I was a smoker once.
I never participated in the Great American Smokeout Day.
But, I was always reamed with guilt on those days. Really. It stunk. Just like a stale cigarette. But, I just lit up and smoked away so I didn't have to think about it because smoking was my escape.
Man, smoking was fun. But golly, smoking made me feel like crap. I didn't even realize how bad I felt. At the peak of my smoking habit I was puffing away nearly two packs a day. NUTS! I can't even imagine how I had the time to do all that smoking.
Ironically time became my "excuse" to smoke. As if anyone needs an excuse. It was my 3 minute (and I could stretch it out to about 7 if I really tried) escape. You see, I could step outside of the office or the house and just look up at the sky or close my eyes and tune out all the noise around me and enjoy a few minutes of peace and quiet. And it mattered not a bit to me that those few minutes were years I could be taking off my life as I chose to prematurely decay my lungs. Hello, who does that?!
Once I realized the stronghold smoking had on my life and figured out there were other, healthier ways to escape (not to mention cheaper, like crazy cheaper, and I smell better too) I decided to say Sayonara.

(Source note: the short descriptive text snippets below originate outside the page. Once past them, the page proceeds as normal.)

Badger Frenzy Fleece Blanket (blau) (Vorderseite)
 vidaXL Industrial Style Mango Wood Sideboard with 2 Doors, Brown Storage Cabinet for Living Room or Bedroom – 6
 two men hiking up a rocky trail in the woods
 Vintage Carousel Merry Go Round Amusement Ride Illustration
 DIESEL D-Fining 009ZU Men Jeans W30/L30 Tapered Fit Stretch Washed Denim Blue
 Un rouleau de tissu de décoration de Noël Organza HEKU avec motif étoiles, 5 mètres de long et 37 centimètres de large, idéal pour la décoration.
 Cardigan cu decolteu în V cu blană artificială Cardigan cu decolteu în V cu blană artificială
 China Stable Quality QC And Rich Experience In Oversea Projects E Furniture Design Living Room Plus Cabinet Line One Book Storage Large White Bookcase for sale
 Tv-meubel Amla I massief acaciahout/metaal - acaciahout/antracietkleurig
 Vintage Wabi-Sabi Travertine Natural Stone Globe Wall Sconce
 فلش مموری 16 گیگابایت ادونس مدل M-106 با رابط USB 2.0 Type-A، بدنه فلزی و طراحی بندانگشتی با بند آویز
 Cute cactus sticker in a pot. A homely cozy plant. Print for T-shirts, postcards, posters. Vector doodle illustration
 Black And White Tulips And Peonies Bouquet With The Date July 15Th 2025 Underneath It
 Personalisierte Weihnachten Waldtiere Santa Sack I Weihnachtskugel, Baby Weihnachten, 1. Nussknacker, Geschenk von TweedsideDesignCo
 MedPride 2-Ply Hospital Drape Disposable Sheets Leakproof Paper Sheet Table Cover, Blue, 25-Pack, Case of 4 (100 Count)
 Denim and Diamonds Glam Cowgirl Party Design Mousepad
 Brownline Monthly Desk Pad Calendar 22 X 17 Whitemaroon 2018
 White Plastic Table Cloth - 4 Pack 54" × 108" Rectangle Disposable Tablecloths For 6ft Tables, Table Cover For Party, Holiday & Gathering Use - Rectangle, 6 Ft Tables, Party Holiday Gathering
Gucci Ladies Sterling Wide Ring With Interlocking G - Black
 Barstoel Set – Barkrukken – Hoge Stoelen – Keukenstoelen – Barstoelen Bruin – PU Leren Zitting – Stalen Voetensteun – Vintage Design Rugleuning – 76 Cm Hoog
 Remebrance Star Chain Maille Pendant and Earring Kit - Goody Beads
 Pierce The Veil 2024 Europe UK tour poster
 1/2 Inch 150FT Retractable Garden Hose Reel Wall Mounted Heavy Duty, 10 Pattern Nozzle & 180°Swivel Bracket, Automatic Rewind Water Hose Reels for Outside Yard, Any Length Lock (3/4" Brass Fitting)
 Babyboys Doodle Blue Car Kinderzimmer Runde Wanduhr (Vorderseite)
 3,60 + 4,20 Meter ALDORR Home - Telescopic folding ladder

Au revoir. Cheerio. So long. Bu-bye.
On July 5, 2007 I ditched the habit. Well, I did it with some help. Thank you Lord. Thank you Griffin. Thank you family. Thank you Dr. Corovessis. Thank you makers of Chantix.
It wasn't easy. It's still not easy. But, the rewards are immeasurable. And I still have fun without being a smoker. Lots of fun. And since I have reversed the effects of smoking in my life, I will be able to have fun even longer.
So there Big Tobacco. Take that. One less supporter. Nah, nah, nuh-nah, nah.